### WORK TO COMPLETE
Leave out the pictures and repeat the data exactly.

### RECORD EXCERPTS ###

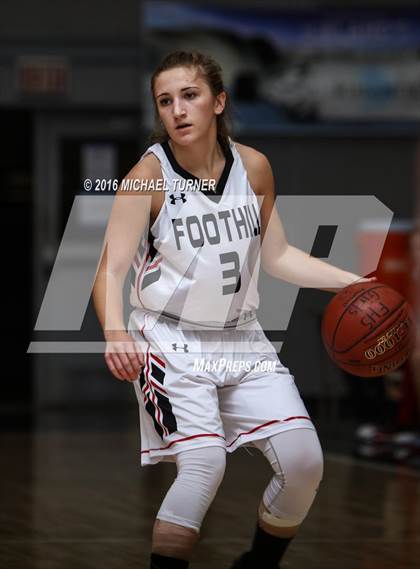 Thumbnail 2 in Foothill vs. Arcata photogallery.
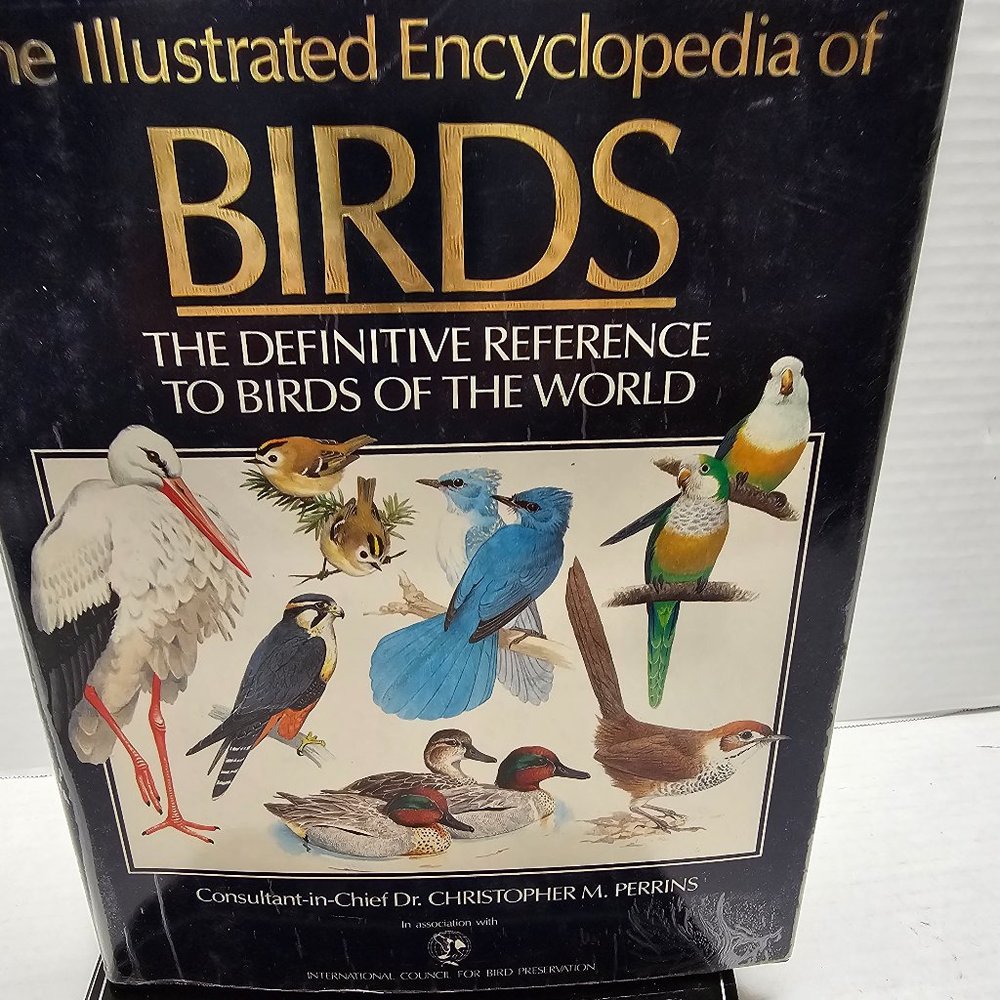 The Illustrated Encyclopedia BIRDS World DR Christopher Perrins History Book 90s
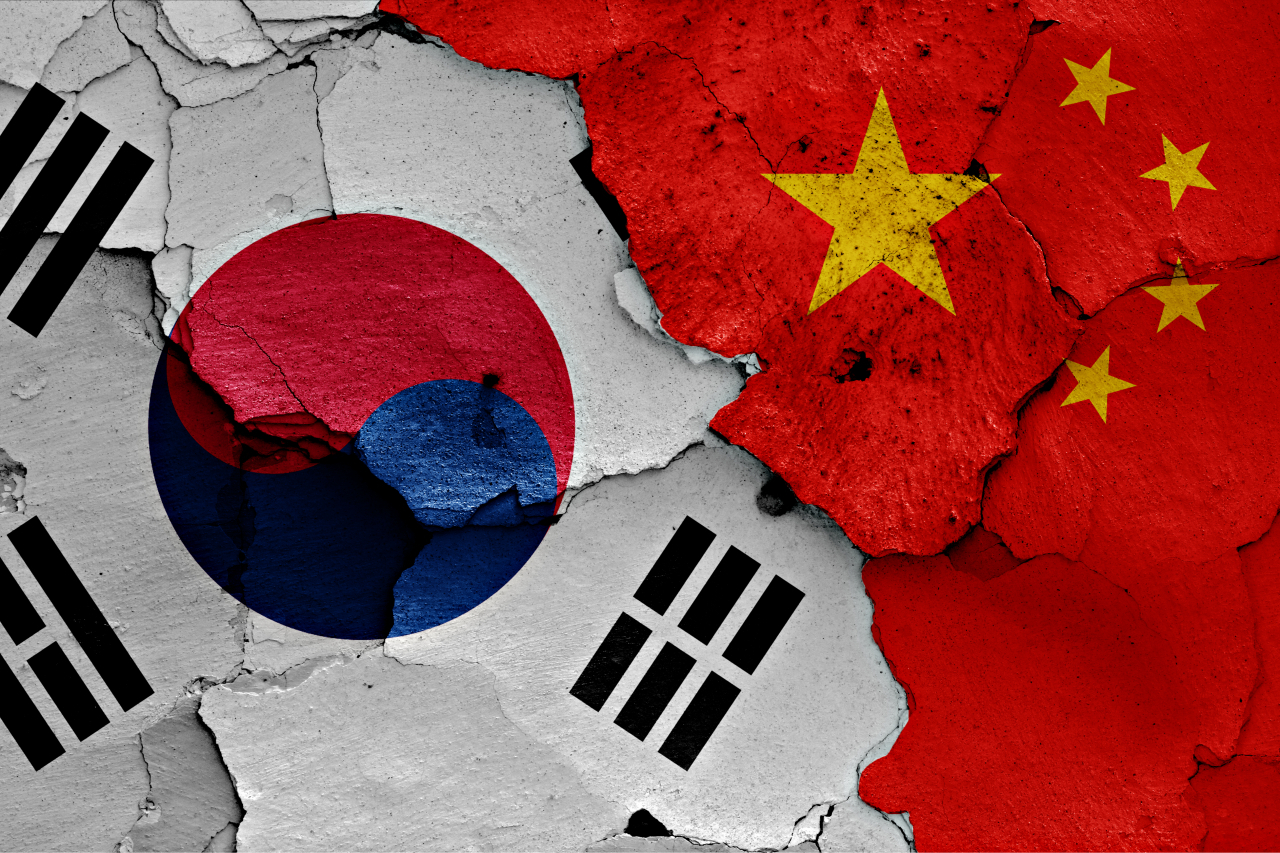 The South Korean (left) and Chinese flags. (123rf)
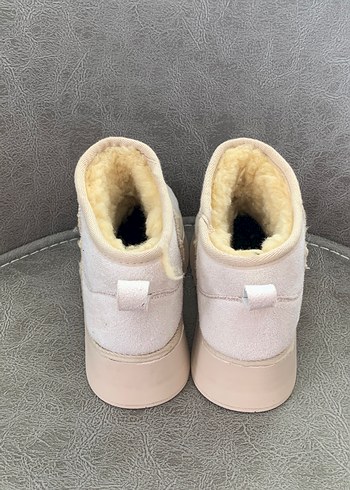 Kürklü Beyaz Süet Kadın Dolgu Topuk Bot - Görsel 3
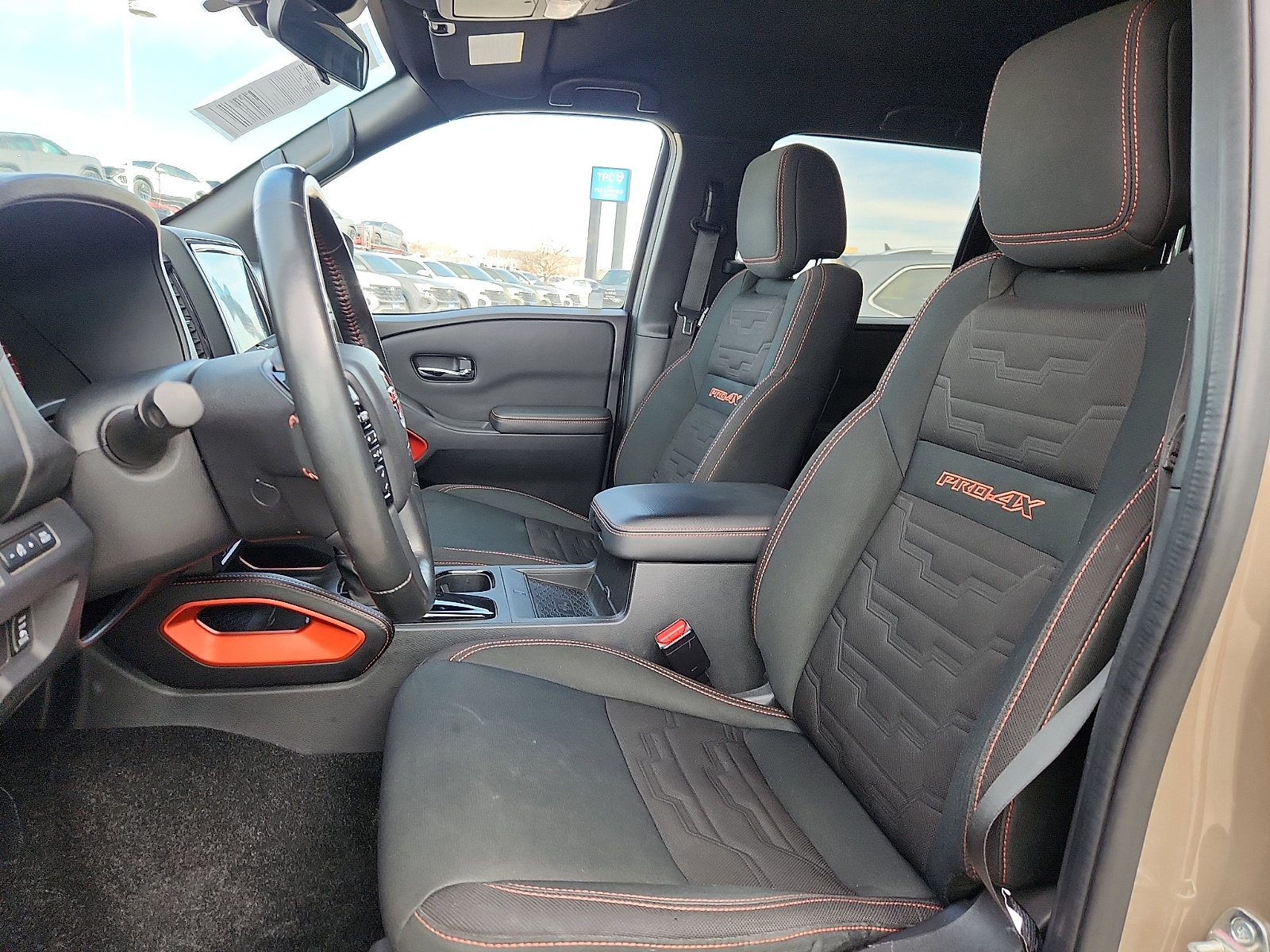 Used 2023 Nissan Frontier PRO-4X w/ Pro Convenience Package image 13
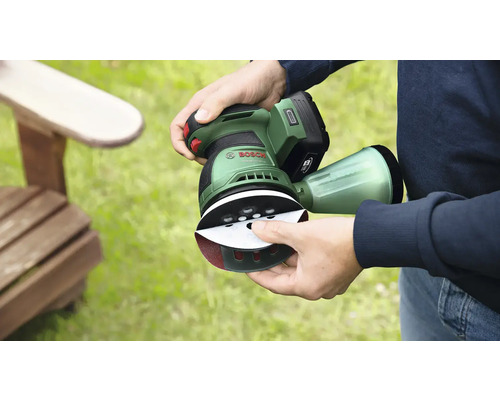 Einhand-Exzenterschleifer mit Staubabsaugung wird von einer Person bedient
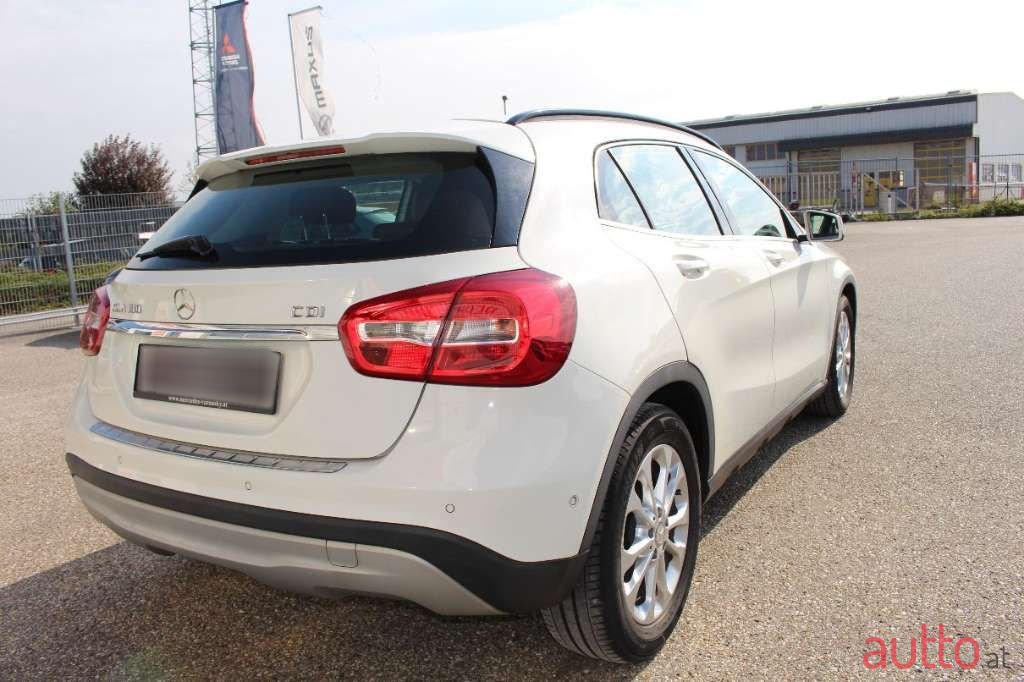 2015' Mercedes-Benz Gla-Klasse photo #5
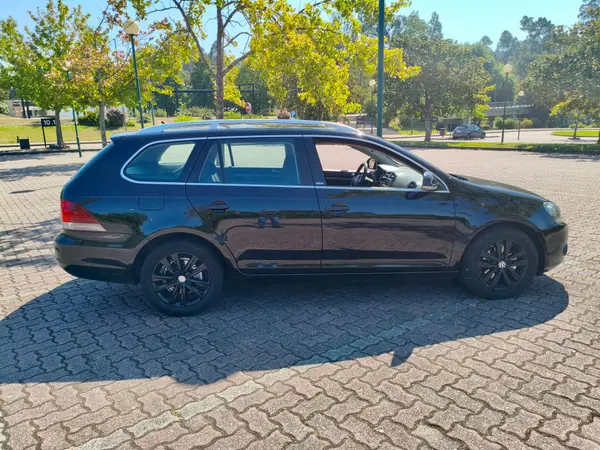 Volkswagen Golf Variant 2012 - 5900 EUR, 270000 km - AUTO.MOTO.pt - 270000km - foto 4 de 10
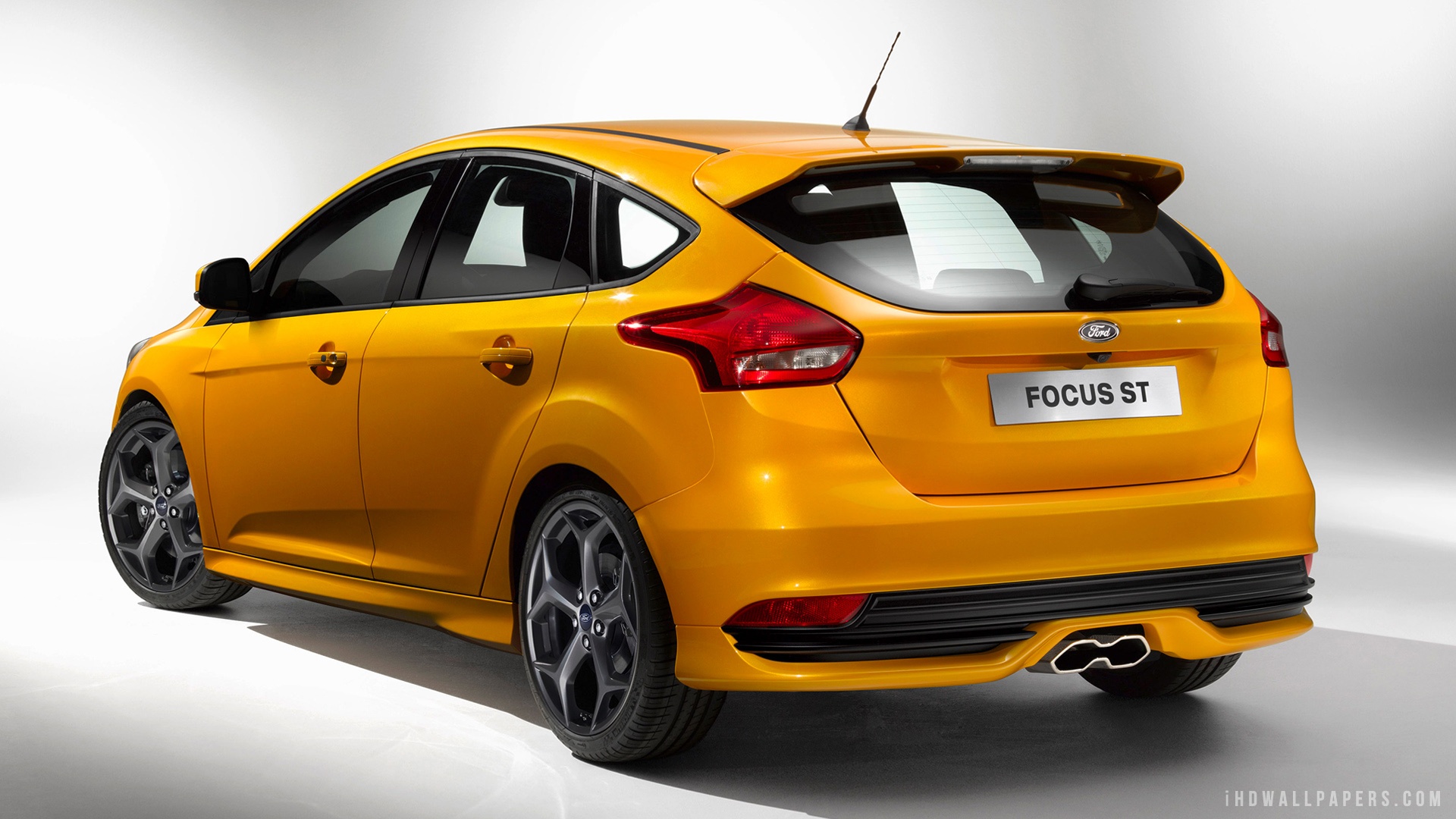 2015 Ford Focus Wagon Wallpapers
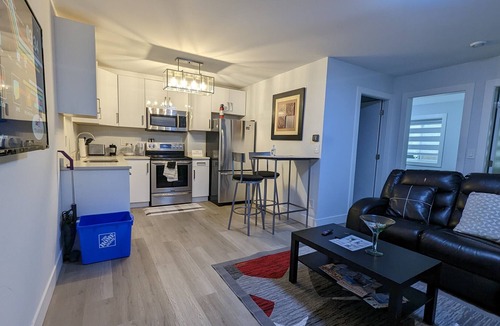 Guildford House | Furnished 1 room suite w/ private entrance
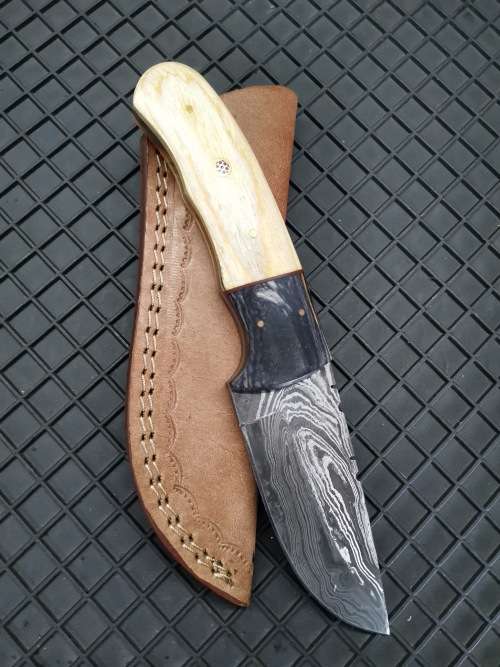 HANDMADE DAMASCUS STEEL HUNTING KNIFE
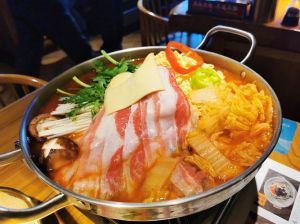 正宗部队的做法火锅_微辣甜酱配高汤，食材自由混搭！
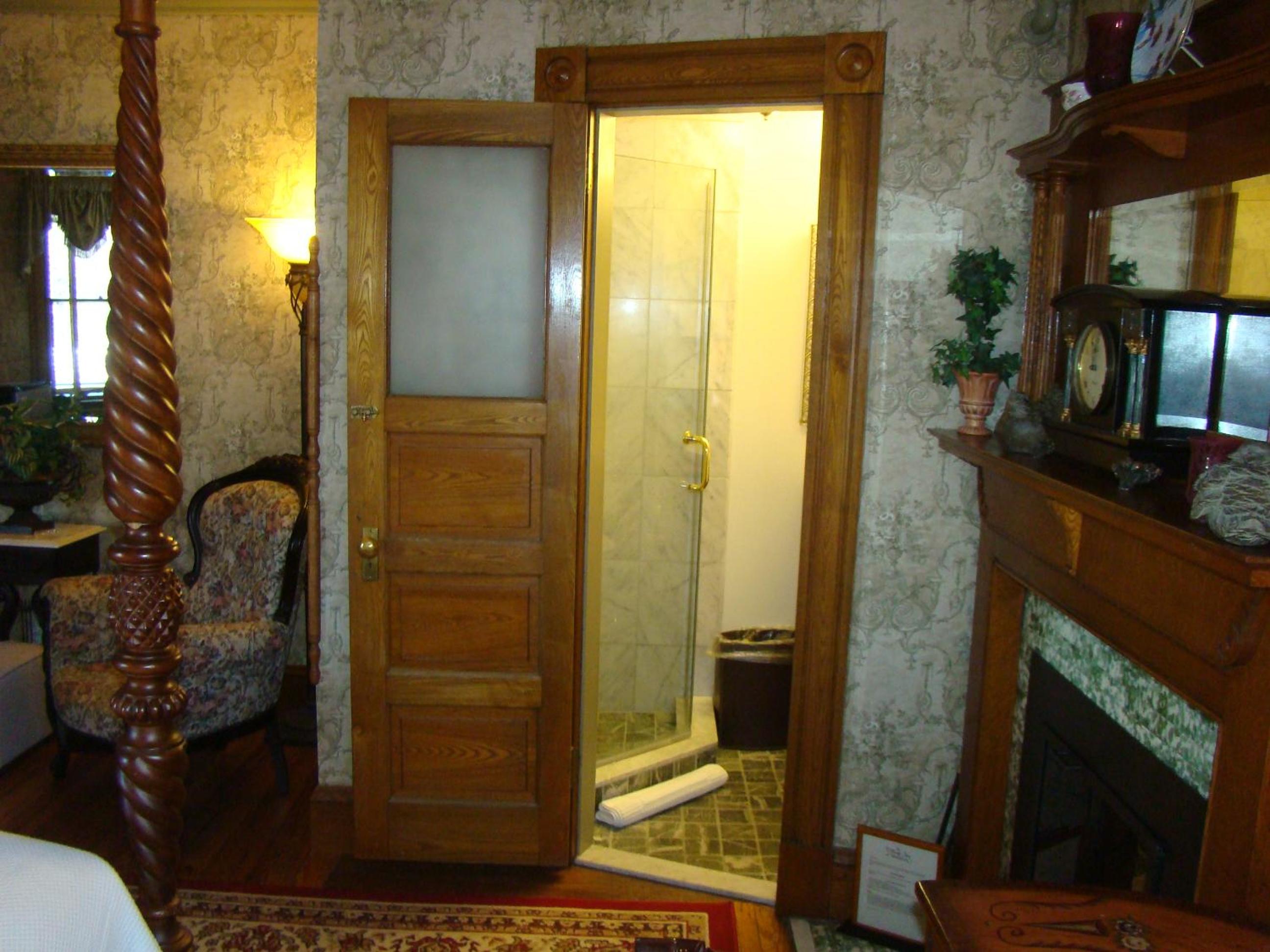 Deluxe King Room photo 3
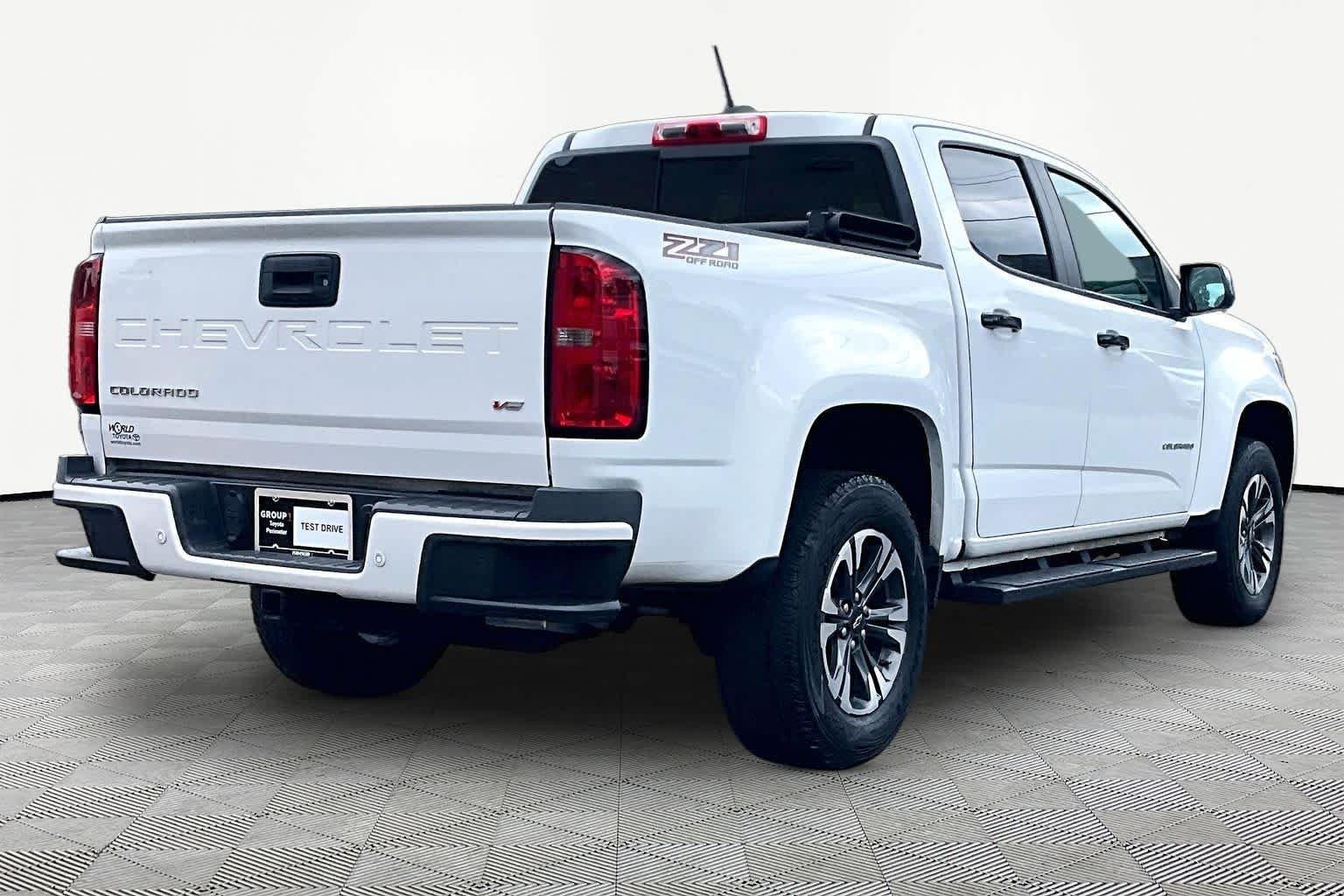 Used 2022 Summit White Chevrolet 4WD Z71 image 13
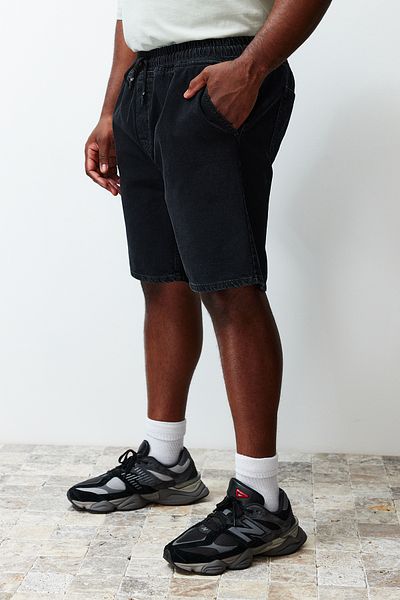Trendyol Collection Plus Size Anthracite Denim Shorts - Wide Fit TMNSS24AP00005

###

### ANSWER FOR THE TASK
 Thumbnail 2 in Foothill vs. Arcata photogallery.
 The Illustrated Encyclopedia BIRDS World DR Christopher Perrins History Book 90s
 The South Korean (left) and Chinese flags. (123rf)
 Kürklü Beyaz Süet Kadın Dolgu Topuk Bot - Görsel 3
 Used 2023 Nissan Frontier PRO-4X w/ Pro Convenience Package image 13
 Einhand-Exzenterschleifer mit Staubabsaugung wird von einer Person bedient
 2015' Mercedes-Benz Gla-Klasse photo #5
 Volkswagen Golf Variant 2012 - 5900 EUR, 270000 km - AUTO.MOTO.pt - 270000km - foto 4 de 10
 2015 Ford Focus Wagon Wallpapers
 Guildford House | Furnished 1 room suite w/ private entrance
 HANDMADE DAMASCUS STEEL HUNTING KNIFE
 正宗部队的做法火锅_微辣甜酱配高汤，食材自由混搭！
 Deluxe King Room photo 3
 Used 2022 Summit White Chevrolet 4WD Z71 image 13
Trendyol Collection Plus Size Anthracite Denim Shorts - Wide Fit TMNSS24AP00005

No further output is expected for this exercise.